(Items from a dataset)
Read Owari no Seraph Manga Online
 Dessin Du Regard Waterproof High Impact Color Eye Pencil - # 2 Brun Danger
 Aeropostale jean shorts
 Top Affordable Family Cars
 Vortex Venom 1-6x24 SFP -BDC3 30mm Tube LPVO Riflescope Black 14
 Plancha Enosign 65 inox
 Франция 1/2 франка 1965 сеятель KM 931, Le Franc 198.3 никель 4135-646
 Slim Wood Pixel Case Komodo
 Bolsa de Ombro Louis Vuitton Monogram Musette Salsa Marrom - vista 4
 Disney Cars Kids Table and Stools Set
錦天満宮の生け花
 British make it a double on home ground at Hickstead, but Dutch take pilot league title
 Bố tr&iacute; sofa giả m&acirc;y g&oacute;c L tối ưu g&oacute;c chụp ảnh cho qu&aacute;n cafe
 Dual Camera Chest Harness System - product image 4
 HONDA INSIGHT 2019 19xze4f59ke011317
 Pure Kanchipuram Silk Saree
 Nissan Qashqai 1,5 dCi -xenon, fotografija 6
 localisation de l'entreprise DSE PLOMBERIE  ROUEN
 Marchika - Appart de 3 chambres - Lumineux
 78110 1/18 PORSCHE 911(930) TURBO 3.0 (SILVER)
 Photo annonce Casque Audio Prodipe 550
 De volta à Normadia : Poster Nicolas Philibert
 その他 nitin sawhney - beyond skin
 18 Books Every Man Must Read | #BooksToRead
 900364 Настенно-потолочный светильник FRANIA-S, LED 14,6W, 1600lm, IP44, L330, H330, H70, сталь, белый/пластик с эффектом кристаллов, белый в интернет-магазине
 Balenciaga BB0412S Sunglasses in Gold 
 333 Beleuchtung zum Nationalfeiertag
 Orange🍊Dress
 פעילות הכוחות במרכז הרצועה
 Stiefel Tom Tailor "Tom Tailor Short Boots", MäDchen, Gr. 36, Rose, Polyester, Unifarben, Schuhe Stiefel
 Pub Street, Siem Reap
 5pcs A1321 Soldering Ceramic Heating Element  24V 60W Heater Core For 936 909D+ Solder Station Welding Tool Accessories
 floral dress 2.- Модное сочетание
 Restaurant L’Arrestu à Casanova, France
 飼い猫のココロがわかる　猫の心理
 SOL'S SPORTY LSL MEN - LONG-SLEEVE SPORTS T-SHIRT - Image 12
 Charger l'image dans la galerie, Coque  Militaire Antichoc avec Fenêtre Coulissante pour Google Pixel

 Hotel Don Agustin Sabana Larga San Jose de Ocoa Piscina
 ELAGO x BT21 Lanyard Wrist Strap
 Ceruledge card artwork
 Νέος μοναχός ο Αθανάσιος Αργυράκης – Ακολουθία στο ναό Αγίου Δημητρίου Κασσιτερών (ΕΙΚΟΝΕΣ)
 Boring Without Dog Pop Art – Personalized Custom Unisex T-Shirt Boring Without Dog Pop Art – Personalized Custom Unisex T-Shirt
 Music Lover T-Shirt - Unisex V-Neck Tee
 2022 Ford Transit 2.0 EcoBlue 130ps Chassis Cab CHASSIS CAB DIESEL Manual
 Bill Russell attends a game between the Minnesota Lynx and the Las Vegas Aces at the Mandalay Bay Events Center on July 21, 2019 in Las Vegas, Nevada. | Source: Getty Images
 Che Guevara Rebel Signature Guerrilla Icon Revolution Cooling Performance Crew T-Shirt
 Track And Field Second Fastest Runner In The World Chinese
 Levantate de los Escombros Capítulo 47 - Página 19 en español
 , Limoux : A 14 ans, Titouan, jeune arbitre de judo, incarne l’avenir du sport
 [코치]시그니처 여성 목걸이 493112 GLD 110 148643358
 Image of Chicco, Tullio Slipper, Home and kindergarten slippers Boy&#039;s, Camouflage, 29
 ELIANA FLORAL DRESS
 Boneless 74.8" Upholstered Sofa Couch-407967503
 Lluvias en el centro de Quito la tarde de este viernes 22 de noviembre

(WORK INSTRUCTIONS): A single number is the reply: the count of lines in the entries above that have the word "Pixel".

(EXPECTED ANSWER): 2